Well yes, of course it doesn't. But good abstraction makes maintaining ABI compatibility pretty easy. It has to be, since individual libraries are changed all the time on a *nix system without rebuilding the applications that link to them. As I said, changes that break this compatibility are fairly rare and require many applications to be rebuilt. In these situations it is typical to see a major version number change and to keep both libraries on hand during a transition period until all applications can be updated to link to the new, incompatible version.

There are some exceptions to this, but the linker does versioning and if the developer identifies the API/ABI of the library has changed, it will deal with this gracefully. If the requested library has been removed, the application will get the typical library missing error. If it's been moved and the linker reconfigured to be aware of it in the new location, it will work as expected, pulling in the old version automatically.

Some light documentation on this here http://tldp.org/HOWTO/Program-Library-HOWTO/shared-libraries.html
 
You're describing features of a linker, not features of a good abstraction.

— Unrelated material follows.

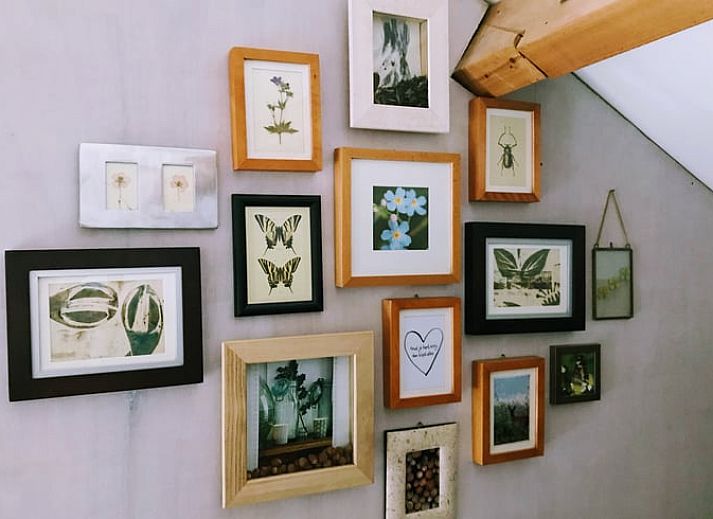 Gezellige woonkamer met houten balken in Vakantiehuisje in Gemonde, Noord Brabant.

As such, I'm not sure how you're making the point that good abstraction makes ABI-compatibility easy. The major part of ABI compatibility isn't the abstraction; it's noticing the subtle changes that require a break in the ABI interface.

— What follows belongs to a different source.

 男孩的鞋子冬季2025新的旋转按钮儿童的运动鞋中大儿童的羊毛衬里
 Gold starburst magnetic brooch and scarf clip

I think that the versioning you describe ends up meaning that most applications just install the version of the library they expect, and use it. The libraries don't change; the versions just stack up. Shared objects, then, end up not really being shared effectively.
 
You're describing features of a linker, not features of a good abstraction. As such, I'm not sure how you're making the point that good abstraction makes ABI-compatibility easy. The major part of ABI compatibility isn't the abstraction; it's noticing the subtle changes that require a break in the ABI interface.
No, I'm making both points. Using good abstractions means breaking ABI compatibility isn't often necessary, which allows the library versioning to be effective without getting a billion different versions of every library on the system. At most you'll have two, in almost every case.

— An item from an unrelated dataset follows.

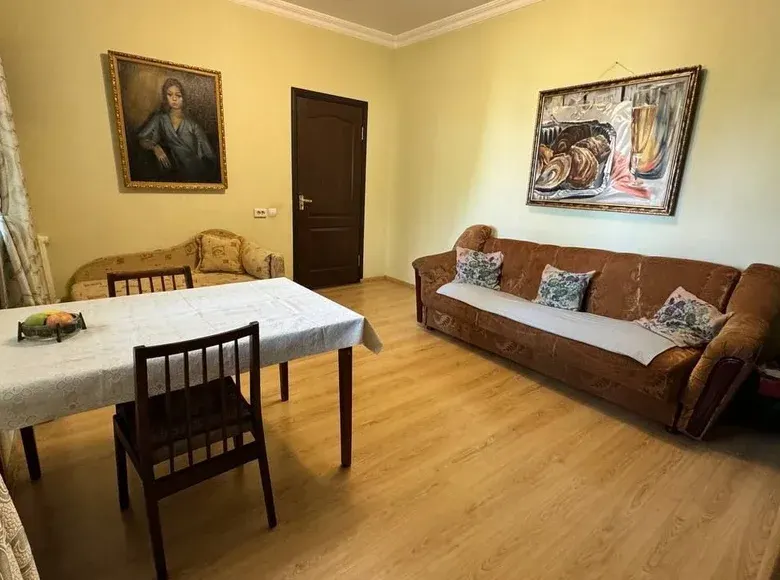 Сотилади 2 хонали квартира, 60 м², 5/9 қават — Тошкент шаҳри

I think that the versioning you describe ends up meaning that most applications just install the version of the library they expect, and use it. The libraries don't change; the versions just stack up. Shared objects, then, end up not really being shared effectively.

Applications don't generally install libraries. They are separate entities, installed and maintained separately, which is why having a stable ABI is important. The versioning I describe means the linker can either fail with an error, forcing the user to restart the application (as would happen if the library weren't installed), or automatically link the older version if it's retained. But as I outlined in my earlier point, that is quite rarely necessary and it's standard practice to upgrade libraries independent of the applications that link them. If an ABI break is required, it's a 'big deal', and will be handled as such - usually a new major version number, and most distributions will hold off on using it until their next major version.
 
But what actually needs to happen on the machine level? How does the processor know to throw an exception when all its doing is executing machine instructions? I guess i'm asking how does it differentiate instructions that may have access to memory and instructions that are restricted?
A processor is actually doing much more than just executing instructions.

There are circuits inside the processor which determine whether the memory access being requested is valid. It will check the location the instruction wants to address against a variety of rules which have been built into the circuitry (for example, addressing memory which it does not own).

Depending on the exception, the processor might interrupt the regular execution of instructions, and jump to another section of memory where it will resume execution and the failure will be handled.

Preempting execution like this serves many purposes, such as allowing multiple process to run simultaneously: the processor will switch execution to the OS scheduler at timed intervals, at which point the OS can decide what to execute next.